*** Data Section Begins ***

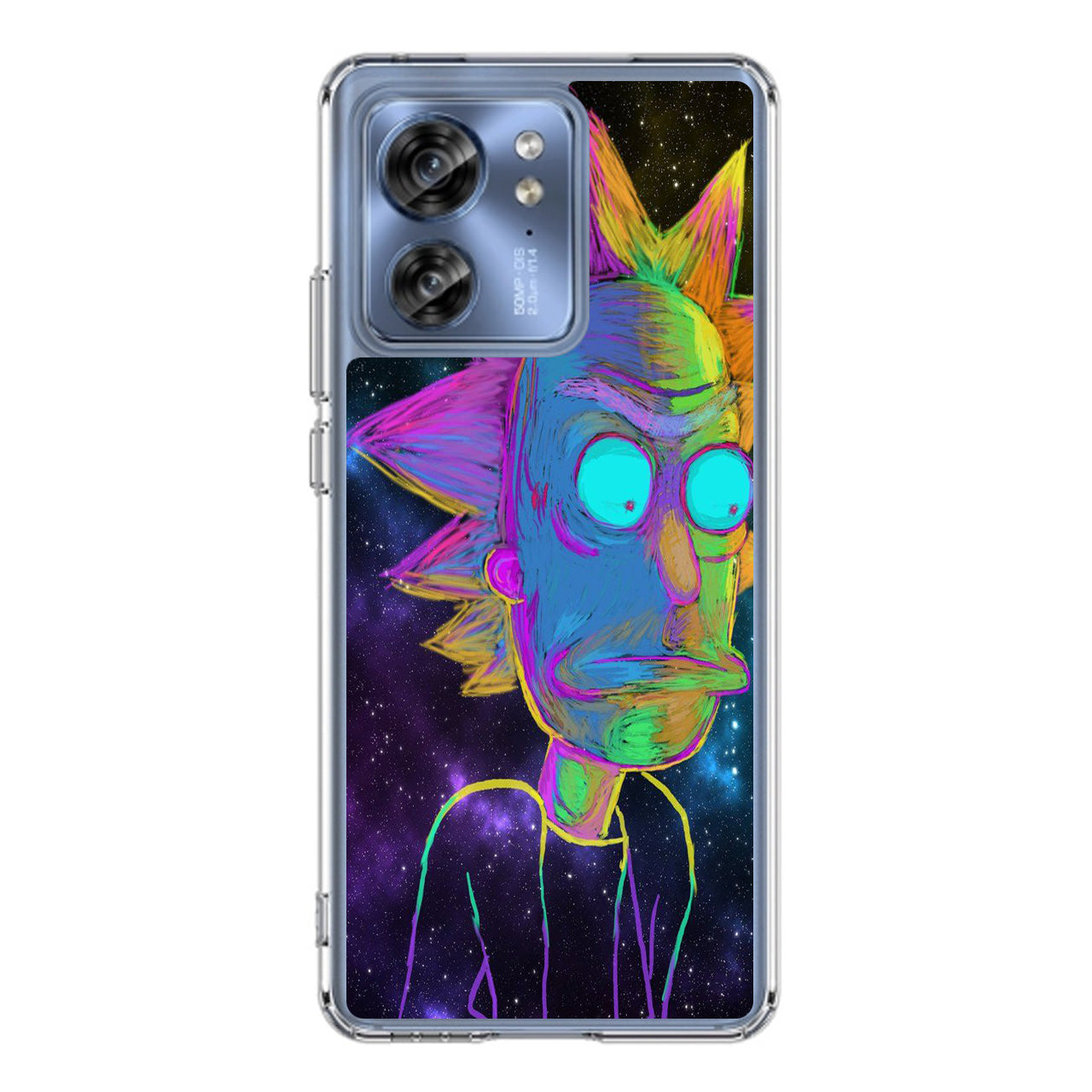 Rick Colorful Crayon Space Motorola Edge 2023 Case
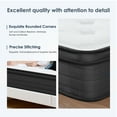 thumbnail image 4 of 12 Inch Twin Size Mattress, Medium Firm Hybrid Mattress with Cooling Gel Memory Foam for Pressure Relief, Mattress in A Box. Black, 4 of 6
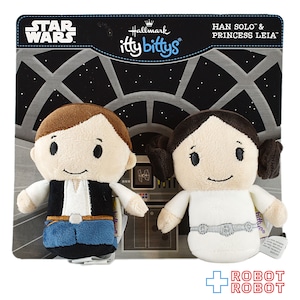 スター・ウォーズ ホールマーク ハン・ソロ & プリンセス・レイア itty bittys マスコットぬいぐるみ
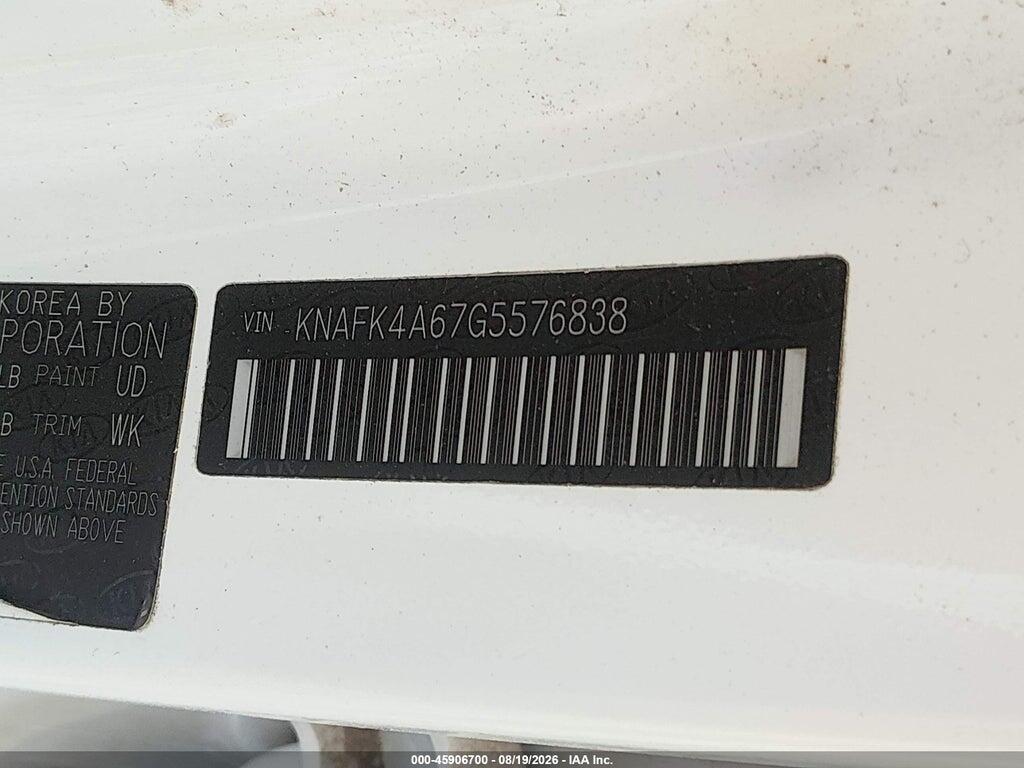 KNAFK4A67G5576838 2016 KIA FORTE photo no. 9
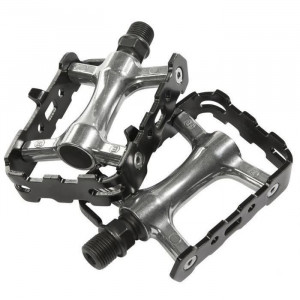 PEDALE CUBE RFR STANDARD CMPT Negru/argintiu - Img 2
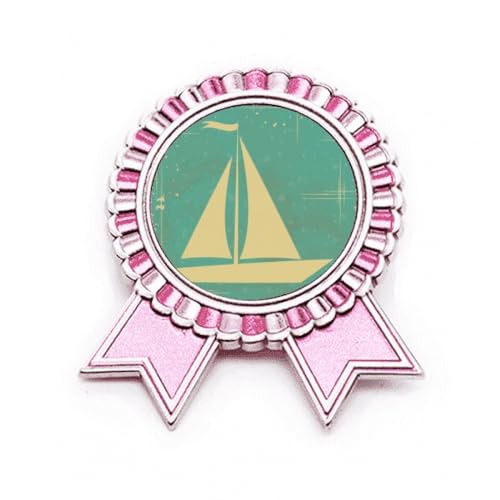 Broche voile sportive Rose en Métal idéale pour sublimer vos vestes en bord de mer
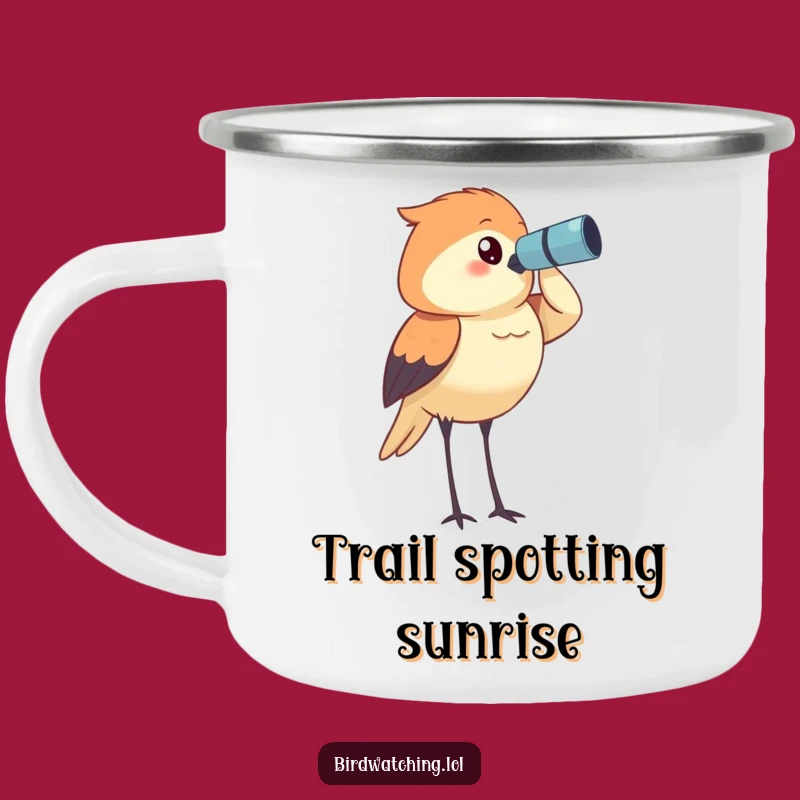 Funny Bird Watcher Camping Mug: Determined Observer Gift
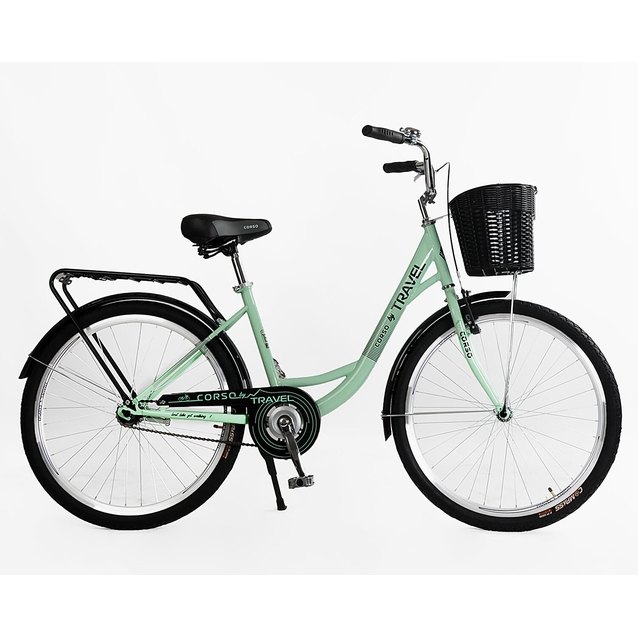Міський велосипед 26 ST Corso «TRAVEL» TL-26727 сталь 16,5", м'ятний (+к/к/б) фото westvelo.com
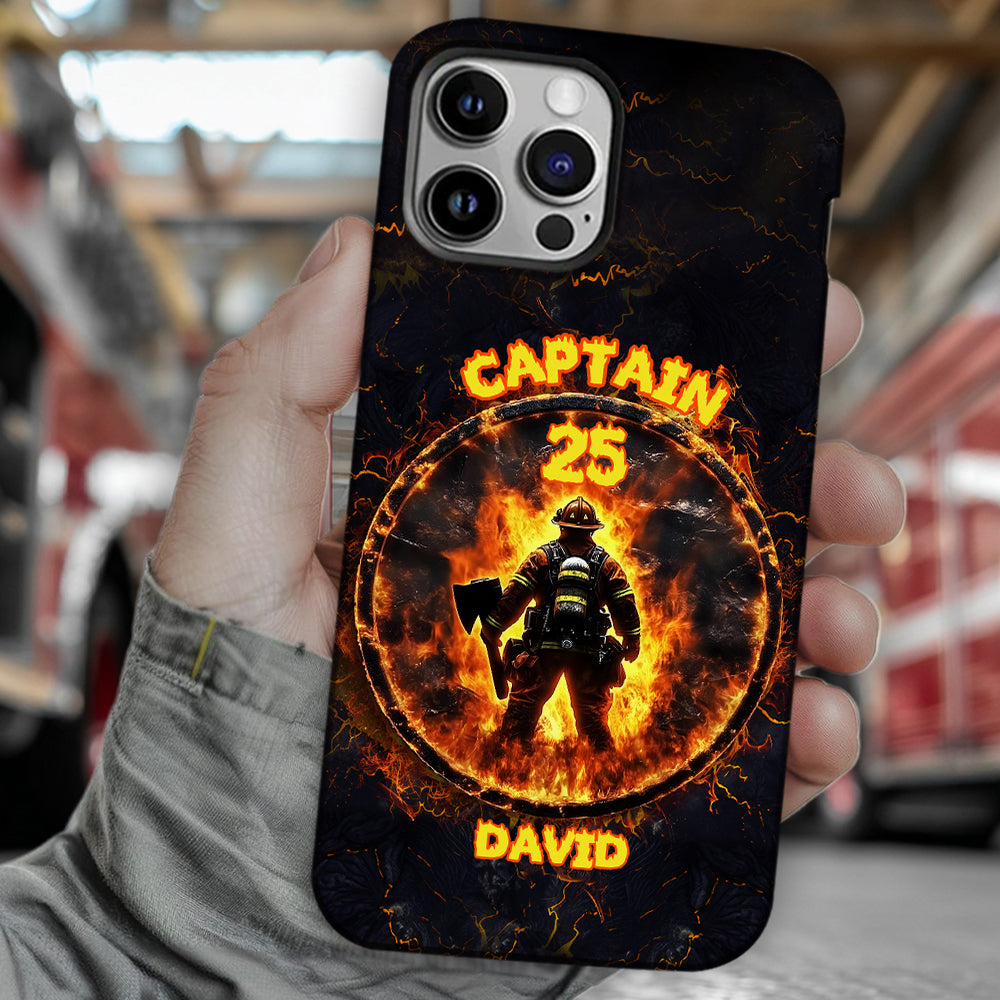 Proud Firefighter - Personalized Firefighter Full Print Phone Case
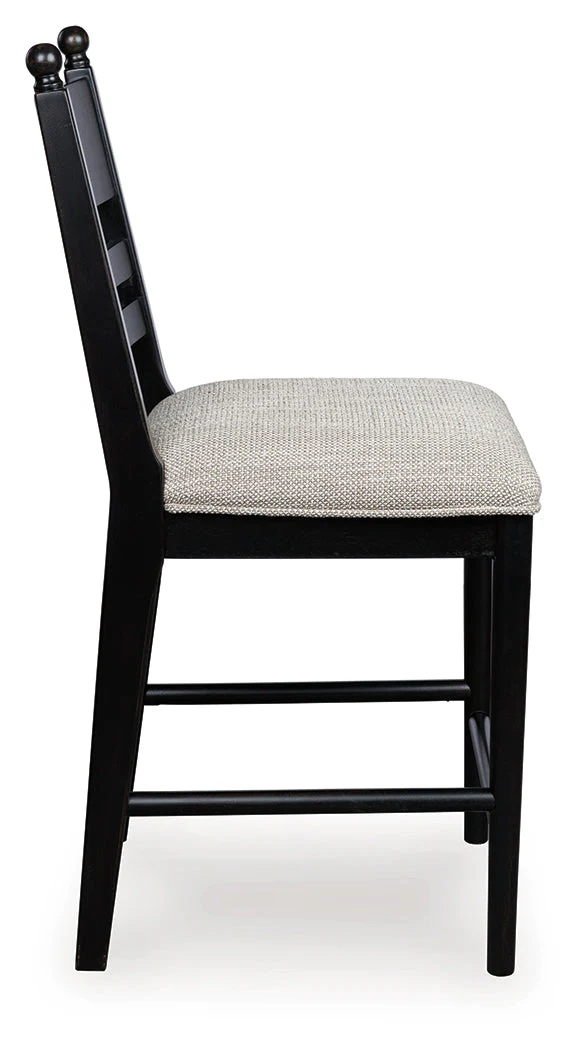 Greddinton Black Upholstered Barstool (Set of 2) (Online Special Price) - Image 4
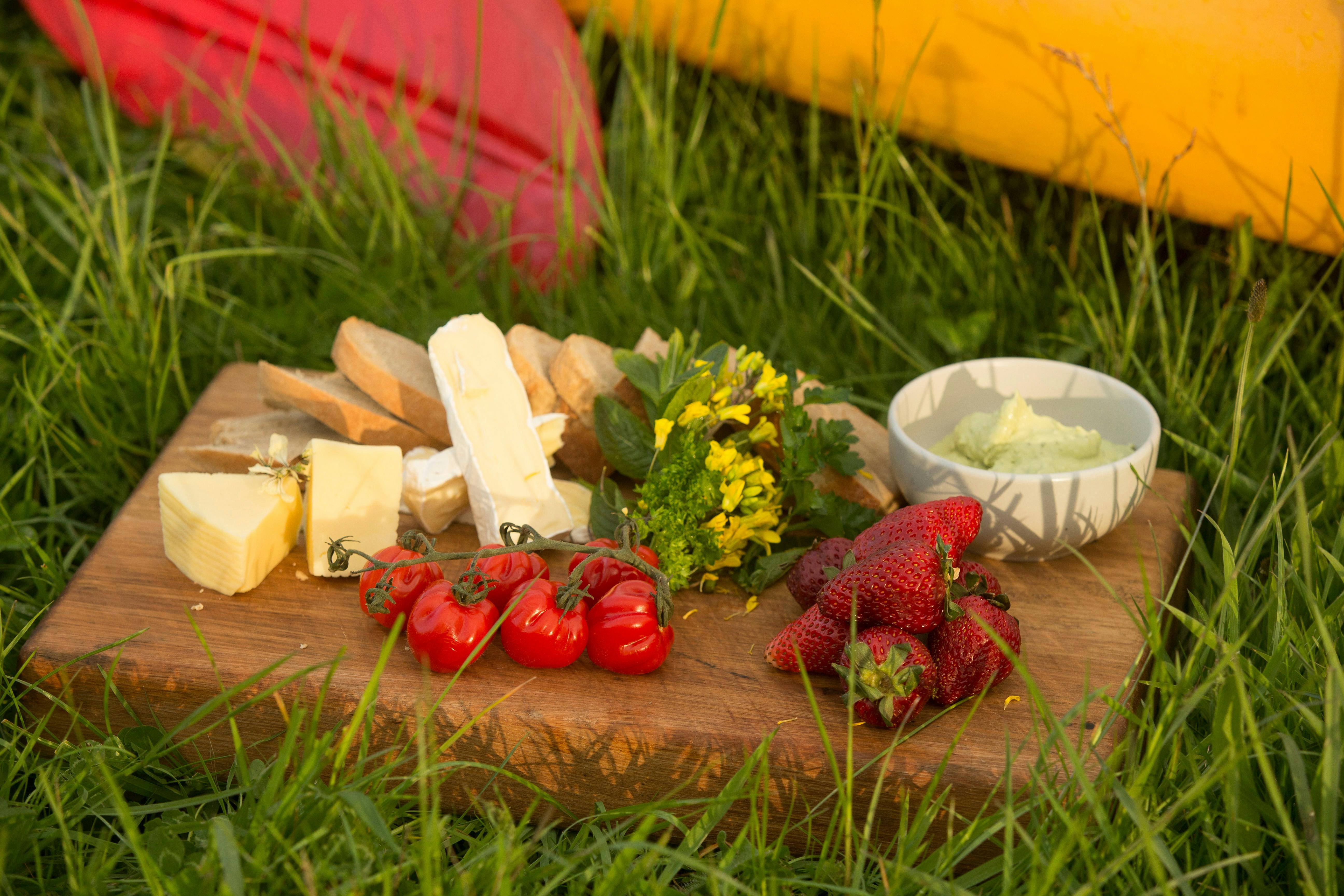 Platter of local produce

*** Data Section Ends ***

◆ What is required
Set down exactly, with no additions, each line from the line that includes "Greddinton Black Upholstered" to the final line of the entries above; leave pictures out.

◆ Response area
 Greddinton Black Upholstered Barstool (Set of 2) (Online Special Price) - Image 4
 Platter of local produce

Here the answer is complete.